• Records shown

○ ○ ○

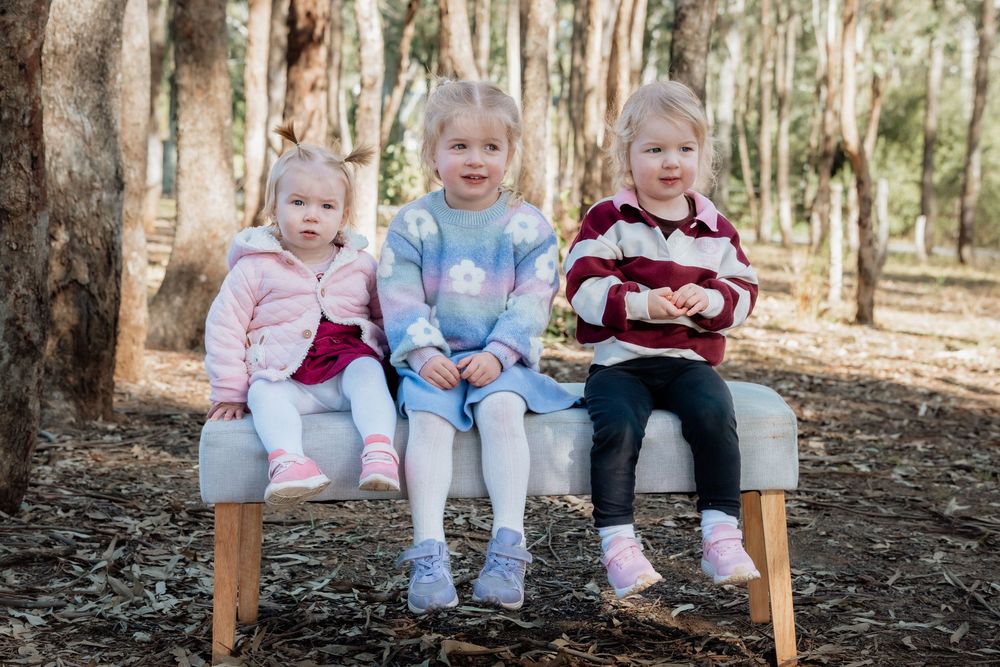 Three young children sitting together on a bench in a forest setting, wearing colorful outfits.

○ ○ ○

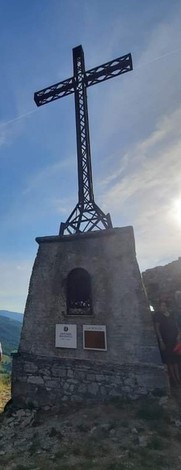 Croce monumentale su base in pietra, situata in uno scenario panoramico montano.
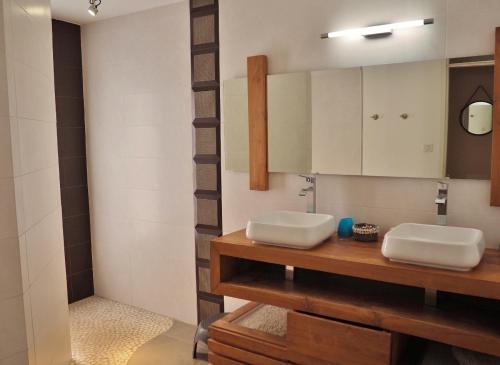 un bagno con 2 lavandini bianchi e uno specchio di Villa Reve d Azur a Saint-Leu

○ ○ ○

• Task brief
Above are the records. Copy only the lines from the one with "Croce monumentale su" through the one with "un bagno con", exactly, with no pictures.

• Reply
 Croce monumentale su base in pietra, situata in uno scenario panoramico montano.
 un bagno con 2 lavandini bianchi e uno specchio di Villa Reve d Azur a Saint-Leu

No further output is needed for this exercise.